Ce que vous allez lire ici :

L’obligation d’inclure un inventaire des charges dans les baux commerciaux s’applique aux contrats conclus après le 1er septembre 2014. L'inventaire doit détailler toutes les charges et leur répartition entre bailleur et locataire. Son absence empêche le bailleur de refacturer des charges au locataire.
Description rédigée par l'IA du Village

L’année 2024 a été l’occasion pour la jurisprudence de rappeler et de préciser l’obligation introduite par la loi dite Pinel du 18 juin 2014 d’insérer dans le bail commercial « un inventaire précis et limitatif des catégories de charges, impôts, taxes et redevances liés à ce bail, comportant l’indication de leur répartition entre le bailleur et le locataire. »

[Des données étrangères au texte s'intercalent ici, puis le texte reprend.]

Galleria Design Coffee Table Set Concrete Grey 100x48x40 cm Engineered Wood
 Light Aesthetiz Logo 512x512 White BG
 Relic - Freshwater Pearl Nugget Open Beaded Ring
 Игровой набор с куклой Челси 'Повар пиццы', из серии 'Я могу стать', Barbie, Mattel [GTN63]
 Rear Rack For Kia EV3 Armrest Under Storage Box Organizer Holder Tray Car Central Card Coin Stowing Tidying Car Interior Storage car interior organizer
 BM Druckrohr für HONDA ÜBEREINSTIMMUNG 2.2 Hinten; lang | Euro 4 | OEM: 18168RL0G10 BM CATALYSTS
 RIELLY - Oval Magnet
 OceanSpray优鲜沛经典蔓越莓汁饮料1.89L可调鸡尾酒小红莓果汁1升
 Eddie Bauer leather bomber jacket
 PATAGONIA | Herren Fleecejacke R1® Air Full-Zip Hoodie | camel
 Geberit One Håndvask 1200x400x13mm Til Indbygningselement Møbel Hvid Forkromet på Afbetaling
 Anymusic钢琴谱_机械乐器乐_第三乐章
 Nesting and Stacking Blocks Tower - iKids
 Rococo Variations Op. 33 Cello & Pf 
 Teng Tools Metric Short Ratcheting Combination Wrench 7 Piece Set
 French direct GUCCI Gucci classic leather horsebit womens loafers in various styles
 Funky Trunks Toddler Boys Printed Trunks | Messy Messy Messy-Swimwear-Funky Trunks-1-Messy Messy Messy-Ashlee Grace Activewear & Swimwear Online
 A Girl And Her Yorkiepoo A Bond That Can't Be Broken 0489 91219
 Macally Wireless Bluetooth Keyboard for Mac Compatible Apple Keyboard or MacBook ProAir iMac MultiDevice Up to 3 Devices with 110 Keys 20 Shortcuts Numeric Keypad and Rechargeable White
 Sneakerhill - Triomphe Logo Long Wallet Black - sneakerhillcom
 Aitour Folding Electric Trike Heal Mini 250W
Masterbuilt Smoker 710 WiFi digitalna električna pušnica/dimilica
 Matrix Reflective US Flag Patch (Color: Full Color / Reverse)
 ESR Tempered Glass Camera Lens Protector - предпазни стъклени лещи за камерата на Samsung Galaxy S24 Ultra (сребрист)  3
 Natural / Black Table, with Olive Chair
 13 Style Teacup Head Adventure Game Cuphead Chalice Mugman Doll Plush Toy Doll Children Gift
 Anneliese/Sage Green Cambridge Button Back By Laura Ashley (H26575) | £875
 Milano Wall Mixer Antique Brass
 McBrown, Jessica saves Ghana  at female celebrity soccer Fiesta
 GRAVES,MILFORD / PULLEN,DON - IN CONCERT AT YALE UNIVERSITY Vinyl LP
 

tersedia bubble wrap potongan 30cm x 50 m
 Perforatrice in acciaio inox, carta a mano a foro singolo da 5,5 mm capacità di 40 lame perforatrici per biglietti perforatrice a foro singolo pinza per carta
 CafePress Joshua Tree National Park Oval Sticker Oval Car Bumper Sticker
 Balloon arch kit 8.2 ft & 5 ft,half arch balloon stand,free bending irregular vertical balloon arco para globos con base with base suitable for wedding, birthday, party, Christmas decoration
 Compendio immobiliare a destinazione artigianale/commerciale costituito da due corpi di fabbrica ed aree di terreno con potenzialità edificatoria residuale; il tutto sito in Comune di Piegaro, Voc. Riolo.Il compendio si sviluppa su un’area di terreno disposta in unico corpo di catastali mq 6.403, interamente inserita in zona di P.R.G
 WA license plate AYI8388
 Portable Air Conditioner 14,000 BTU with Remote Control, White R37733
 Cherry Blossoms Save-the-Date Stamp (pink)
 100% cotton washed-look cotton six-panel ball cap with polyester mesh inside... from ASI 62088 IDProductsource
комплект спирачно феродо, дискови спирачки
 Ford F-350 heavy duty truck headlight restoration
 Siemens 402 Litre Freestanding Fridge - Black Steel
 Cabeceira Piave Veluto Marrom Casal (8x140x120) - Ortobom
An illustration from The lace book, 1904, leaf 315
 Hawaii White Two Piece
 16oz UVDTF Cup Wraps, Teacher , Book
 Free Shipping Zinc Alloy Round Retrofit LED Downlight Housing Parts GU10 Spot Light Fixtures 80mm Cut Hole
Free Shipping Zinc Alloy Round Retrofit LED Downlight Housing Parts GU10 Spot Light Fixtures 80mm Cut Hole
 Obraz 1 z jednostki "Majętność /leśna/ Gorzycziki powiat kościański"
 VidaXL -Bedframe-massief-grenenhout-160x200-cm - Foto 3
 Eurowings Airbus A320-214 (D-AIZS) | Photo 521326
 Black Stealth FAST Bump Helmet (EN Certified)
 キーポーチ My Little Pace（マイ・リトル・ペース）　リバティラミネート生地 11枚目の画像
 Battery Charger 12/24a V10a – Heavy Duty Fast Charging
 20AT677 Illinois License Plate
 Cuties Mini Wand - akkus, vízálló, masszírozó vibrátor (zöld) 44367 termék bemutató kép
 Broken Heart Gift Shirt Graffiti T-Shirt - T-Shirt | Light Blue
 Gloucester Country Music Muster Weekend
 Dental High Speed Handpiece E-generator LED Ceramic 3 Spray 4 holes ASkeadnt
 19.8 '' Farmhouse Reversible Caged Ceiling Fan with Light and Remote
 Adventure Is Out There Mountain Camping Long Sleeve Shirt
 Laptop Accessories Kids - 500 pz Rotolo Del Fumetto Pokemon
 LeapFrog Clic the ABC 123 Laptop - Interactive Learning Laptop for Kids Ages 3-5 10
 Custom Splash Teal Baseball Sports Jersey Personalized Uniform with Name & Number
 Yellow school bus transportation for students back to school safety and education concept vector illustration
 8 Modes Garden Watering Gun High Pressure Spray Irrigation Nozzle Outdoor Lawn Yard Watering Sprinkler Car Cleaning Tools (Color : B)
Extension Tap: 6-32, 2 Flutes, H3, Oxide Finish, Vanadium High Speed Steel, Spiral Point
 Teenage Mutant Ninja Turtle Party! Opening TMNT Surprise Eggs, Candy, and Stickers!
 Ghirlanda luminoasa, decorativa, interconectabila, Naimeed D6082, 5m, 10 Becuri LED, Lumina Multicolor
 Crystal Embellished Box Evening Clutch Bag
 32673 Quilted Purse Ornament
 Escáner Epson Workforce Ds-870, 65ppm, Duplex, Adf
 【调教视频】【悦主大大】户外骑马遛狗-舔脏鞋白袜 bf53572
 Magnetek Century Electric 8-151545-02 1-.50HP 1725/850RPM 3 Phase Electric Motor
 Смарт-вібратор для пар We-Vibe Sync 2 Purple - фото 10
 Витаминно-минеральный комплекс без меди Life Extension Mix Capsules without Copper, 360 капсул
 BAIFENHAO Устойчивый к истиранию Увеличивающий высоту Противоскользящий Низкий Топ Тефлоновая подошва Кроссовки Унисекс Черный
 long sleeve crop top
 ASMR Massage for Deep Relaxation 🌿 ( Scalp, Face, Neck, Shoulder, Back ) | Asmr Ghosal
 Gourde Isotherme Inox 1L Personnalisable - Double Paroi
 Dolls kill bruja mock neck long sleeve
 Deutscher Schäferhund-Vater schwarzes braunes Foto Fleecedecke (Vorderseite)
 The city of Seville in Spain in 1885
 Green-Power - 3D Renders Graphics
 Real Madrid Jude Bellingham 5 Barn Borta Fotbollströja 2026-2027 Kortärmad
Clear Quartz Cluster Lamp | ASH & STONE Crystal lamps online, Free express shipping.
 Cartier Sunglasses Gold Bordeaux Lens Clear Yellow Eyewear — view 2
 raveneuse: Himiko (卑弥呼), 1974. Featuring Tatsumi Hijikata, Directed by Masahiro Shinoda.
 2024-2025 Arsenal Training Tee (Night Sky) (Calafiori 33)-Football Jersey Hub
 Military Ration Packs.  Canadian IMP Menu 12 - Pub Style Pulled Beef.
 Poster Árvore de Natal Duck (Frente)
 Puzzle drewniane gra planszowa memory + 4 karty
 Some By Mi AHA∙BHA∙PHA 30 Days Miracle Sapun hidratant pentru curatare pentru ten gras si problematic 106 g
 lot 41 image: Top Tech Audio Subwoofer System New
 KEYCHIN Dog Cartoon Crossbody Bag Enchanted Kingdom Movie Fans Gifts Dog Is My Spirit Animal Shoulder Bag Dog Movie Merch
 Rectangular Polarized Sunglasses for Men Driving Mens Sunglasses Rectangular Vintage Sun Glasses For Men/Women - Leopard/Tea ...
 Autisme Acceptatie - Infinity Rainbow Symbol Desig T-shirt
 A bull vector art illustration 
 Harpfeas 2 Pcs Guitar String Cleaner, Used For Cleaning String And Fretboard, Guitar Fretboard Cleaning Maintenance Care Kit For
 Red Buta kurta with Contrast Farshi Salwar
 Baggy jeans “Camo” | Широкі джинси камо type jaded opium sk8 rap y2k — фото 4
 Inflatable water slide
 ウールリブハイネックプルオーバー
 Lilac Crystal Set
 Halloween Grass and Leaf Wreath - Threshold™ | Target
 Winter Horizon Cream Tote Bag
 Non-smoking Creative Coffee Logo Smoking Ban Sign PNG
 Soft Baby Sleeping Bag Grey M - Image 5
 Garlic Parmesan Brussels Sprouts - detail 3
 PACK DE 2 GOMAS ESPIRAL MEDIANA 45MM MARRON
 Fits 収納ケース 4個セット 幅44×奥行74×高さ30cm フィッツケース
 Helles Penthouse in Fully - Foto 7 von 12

L’article L.145-40-2 du Code de commerce précise également que « Cet inventaire donne lieu à un état récapitulatif annuel adressé par le bailleur au locataire dans un délai fixé par voie réglementaire. En cours de bail, le bailleur informe le locataire des charges, impôts, taxes et redevances nouveaux. »
L’objectif de ce texte est d’assurer plus de transparence pour le locataire concernant les charges qu’il devra supporter en vertu du contrat de bail commercial pendant toute sa durée.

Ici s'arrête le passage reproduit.